◆ WHAT TO PRODUCE
Find the line that holds "Next Mens Grey", then repeat it and each line below it word for word through the end of the listing, leaving out pictures.

◆ DATASET RECORDS
______
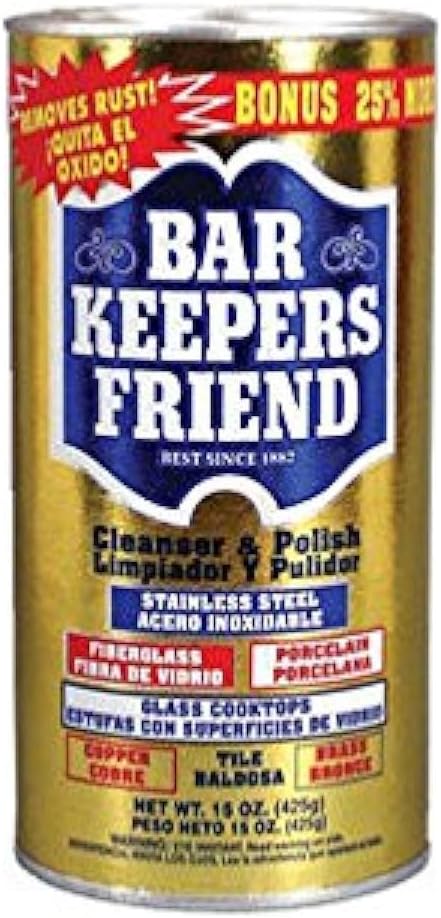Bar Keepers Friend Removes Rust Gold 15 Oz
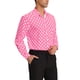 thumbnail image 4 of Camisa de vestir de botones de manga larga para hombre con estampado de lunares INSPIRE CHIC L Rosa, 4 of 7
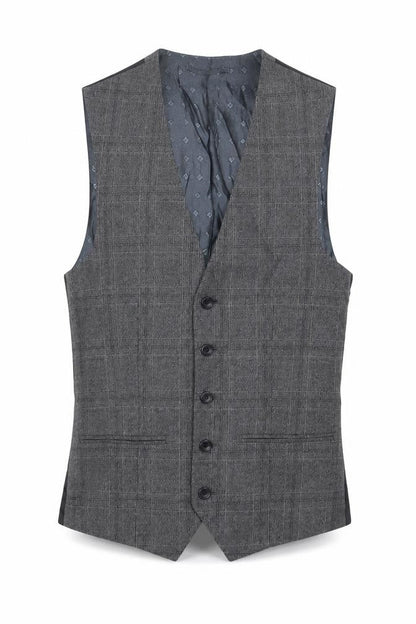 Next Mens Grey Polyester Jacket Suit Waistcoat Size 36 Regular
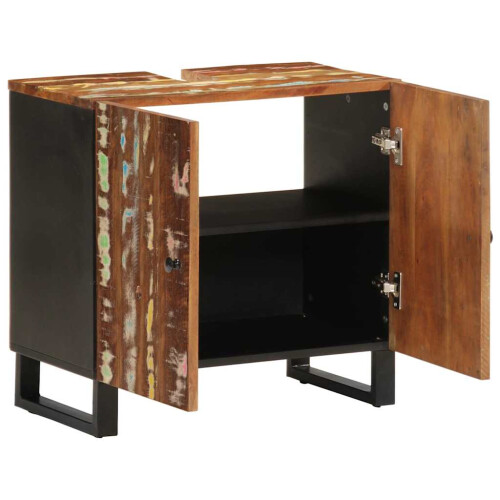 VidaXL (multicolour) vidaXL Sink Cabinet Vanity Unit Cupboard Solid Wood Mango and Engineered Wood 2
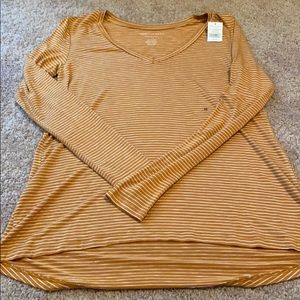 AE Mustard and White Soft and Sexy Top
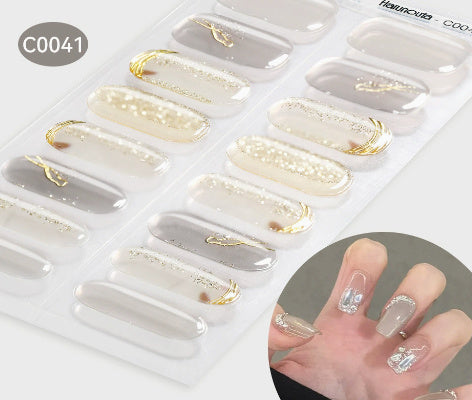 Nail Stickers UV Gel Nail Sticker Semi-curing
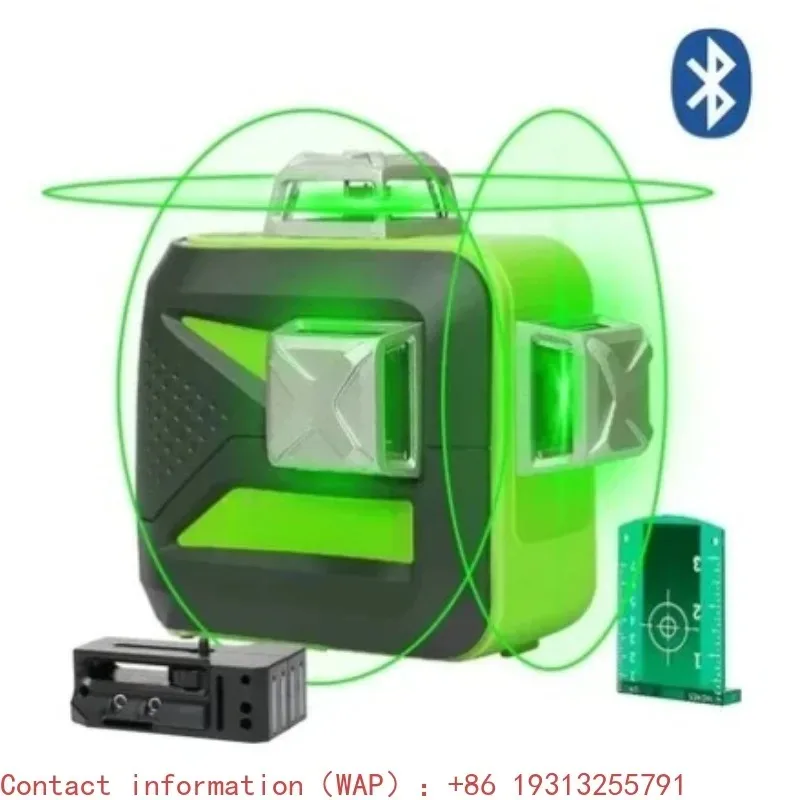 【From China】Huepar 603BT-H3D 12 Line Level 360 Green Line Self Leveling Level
______
◆ COMPLETED EXERCISE
 Next Mens Grey Polyester Jacket Suit Waistcoat Size 36 Regular
 VidaXL (multicolour) vidaXL Sink Cabinet Vanity Unit Cupboard Solid Wood Mango and Engineered Wood 2
 AE Mustard and White Soft and Sexy Top
 Nail Stickers UV Gel Nail Sticker Semi-curing
 【From China】Huepar 603BT-H3D 12 Line Level 360 Green Line Self Leveling Level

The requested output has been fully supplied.